掺废弃陶瓷纤维增强水泥基复合材料抗冻性能

Enhanced Frost Resistance in Composite Materials Through Incorporating Waste Ceramic Fiber⁃Reinforced Cement

采用陶瓷粉替代一部分水泥,陶瓷砂替代普通河砂,在水泥基材料中掺入不同体积掺量的聚乙烯醇(Polyvinyl Alcohol,PVA)纤维,制成掺入PVA纤维和陶瓷粉的水泥基复合材料砂浆试件。通过冻融循环试验分析质量损失率、相对动弹性模量的变化,并通过电化学阻抗测试和扫描电子显微镜观察研究砂浆试件的冻融损伤规律。结果表明:陶瓷粉中SiO_(2)和Al_(2)O_(3)含量远大于水泥中相应含量,且粒径小于20μm的颗粒占82.3%,火山灰效应和微集料效应可改善试件的密实度,提升复合材料的抗冻性能;PVA纤维掺量为2.2%,陶瓷粉掺量为30%,冻融循环100次时砂浆试件质量损失率最小,相对动弹性模量最大,连续导电路径电阻最大,冻融损伤程度最小;纤维和基体的接触面是该复合材料抗冻薄弱部位。
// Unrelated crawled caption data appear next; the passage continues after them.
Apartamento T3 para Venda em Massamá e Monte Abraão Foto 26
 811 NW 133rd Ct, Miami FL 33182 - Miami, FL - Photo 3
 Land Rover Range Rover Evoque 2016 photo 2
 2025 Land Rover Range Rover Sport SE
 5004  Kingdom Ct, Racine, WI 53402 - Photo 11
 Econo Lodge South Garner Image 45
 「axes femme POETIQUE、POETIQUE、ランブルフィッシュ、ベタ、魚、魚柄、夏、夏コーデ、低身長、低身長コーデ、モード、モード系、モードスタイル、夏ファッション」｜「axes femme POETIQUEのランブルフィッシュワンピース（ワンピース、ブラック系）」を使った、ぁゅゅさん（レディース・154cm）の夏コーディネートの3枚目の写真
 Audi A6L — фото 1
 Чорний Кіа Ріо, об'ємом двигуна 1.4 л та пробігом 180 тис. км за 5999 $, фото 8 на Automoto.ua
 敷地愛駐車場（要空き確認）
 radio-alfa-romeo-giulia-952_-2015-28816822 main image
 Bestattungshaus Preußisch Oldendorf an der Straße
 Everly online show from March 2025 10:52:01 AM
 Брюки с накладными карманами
This study explores the integration of ceramic powder and polyvinyl alcohol(PVA)fibers into cement-based materials to improve frost resistance.By partially replacing cement with ceramic powder and substituting conventional river sand with ceramic sand,mortar specimens are created and subjected to freeze-thaw cycling tests.Analysis of changes in mass loss rates and relative dynamic elastic modulus,along with investigations using electrochemical impedance testing and scanning electron microscopy,reveal key findings.Ceramic powder,with significantly higher SiO_(2) and Al_(2)O_(3) content than cement,and particle diameter smaller than 20μm(constituting 82.3%),enhances specimen density through volcanic ash and microaggregate effects,thereby boosting frost resistance.Optimal results are achieved with 2.2%PVA fiber content and 30%ceramic powder content,resulting in minimal mass loss,maximum relative dynamic elastic modulus,highest continuous conductive path resistance,and minimal freeze-thaw damage after 100 cycles.The study identifies the fiber-matrix interface as the vulnerable aspect impacting the frost resistance of this composite material.